In exchange, detailed feedback is expected. Your input directly shapes what gets built before general availability. You have direct access to the CircleCI product and engineering team throughout the preview.
Escalate directly via the #runner-provisioner-preview Slack channel for:
-
Troubleshooting issues
-
Bugs and feature requests
-
General questions
Do not open a support ticket for issues with Runner Provisioner. Issues are routed directly to the product team with a 24-hour internal response target.
Prerequisites
-
A Kubernetes cluster with KubeVirt installed. Refer to the KubeVirt compatibility matrix for the appropriate version for your cluster. Runner Provisioner has been tested with v1.8.
-
kubectlconfigured against your cluster. -
helmv3+. -
A CircleCI runner resource class and its associated resource class token. Create one in the CircleCI web app under Self-Hosted Runners. This token is used by the agent running on the VM to authenticate with CircleCI and claim and execute jobs for that resource class.
-
A CircleCI API token with permission to query runner tasks. This may be a personal API token or a project API token with read-only access.
-
An image pull secret named
regcredin the target namespace. The Helm chart references this by default.
Cluster requirements
Nested virtualization
KubeVirt runs VMs inside Kubernetes pods. Each node that will host runner VMs must expose /dev/kvm — the node itself must support hardware-accelerated virtualization (either bare metal, or a cloud VM with nested virtualization enabled).
Verify KVM is available on a node by checking the virt-handler pod on that node.

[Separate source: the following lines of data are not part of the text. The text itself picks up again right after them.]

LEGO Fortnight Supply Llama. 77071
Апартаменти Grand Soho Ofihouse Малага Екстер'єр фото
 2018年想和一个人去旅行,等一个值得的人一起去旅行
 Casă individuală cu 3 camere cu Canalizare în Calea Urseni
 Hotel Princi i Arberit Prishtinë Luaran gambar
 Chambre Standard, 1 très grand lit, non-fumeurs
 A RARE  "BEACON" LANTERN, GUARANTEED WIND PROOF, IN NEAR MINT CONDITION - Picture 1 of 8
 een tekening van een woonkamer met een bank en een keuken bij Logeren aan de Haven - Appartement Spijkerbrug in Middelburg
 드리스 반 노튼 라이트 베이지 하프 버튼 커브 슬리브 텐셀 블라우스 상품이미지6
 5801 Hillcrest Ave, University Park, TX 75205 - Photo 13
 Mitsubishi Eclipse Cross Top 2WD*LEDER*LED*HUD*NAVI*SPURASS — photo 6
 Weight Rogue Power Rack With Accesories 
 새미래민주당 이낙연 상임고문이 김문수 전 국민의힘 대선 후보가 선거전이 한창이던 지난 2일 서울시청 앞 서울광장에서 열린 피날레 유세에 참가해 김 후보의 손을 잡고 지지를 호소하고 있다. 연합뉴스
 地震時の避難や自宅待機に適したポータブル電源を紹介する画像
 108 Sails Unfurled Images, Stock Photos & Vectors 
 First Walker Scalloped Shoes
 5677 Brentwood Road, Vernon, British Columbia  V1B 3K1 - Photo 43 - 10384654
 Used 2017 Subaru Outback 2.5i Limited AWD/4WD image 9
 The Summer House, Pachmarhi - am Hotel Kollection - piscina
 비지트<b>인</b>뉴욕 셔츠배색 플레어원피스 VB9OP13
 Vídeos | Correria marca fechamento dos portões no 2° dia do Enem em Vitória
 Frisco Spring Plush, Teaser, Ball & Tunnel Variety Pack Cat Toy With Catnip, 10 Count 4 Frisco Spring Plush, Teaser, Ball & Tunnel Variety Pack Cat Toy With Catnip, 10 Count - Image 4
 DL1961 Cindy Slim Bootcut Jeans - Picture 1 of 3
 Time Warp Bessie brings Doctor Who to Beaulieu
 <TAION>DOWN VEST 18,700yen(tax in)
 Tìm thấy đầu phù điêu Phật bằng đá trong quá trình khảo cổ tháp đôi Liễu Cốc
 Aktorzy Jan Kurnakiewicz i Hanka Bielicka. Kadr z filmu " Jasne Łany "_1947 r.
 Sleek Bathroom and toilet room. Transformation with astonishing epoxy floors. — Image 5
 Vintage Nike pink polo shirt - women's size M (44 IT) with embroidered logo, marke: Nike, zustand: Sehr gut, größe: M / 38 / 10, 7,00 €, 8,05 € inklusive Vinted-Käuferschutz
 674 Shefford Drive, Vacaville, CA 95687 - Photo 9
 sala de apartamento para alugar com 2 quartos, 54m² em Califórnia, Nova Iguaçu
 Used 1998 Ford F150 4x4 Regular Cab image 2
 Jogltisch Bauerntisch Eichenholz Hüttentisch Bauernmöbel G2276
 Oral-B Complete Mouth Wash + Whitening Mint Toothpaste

Get a list of virt-handler pods:
$ kubectl get pods -n kubevirt -l kubevirt.io=virt-handler
Select any of the pods listed in the output to run the following command:
$ kubectl exec -n kubevirt <virt-handler-pod> -- ls /proc/1/root/dev/kvm
Defaulted container "virt-handler" out of: virt-handler, virt-launcher (init)
/proc/1/root/dev/kvm
If the file is absent, VMs cannot be scheduled on that node regardless of how KubeVirt is configured. On cloud providers, nested virtualization is typically disabled by default and must be explicitly enabled on the node pool or instance group before the nodes are created. Nested virtualization cannot be patched onto existing nodes.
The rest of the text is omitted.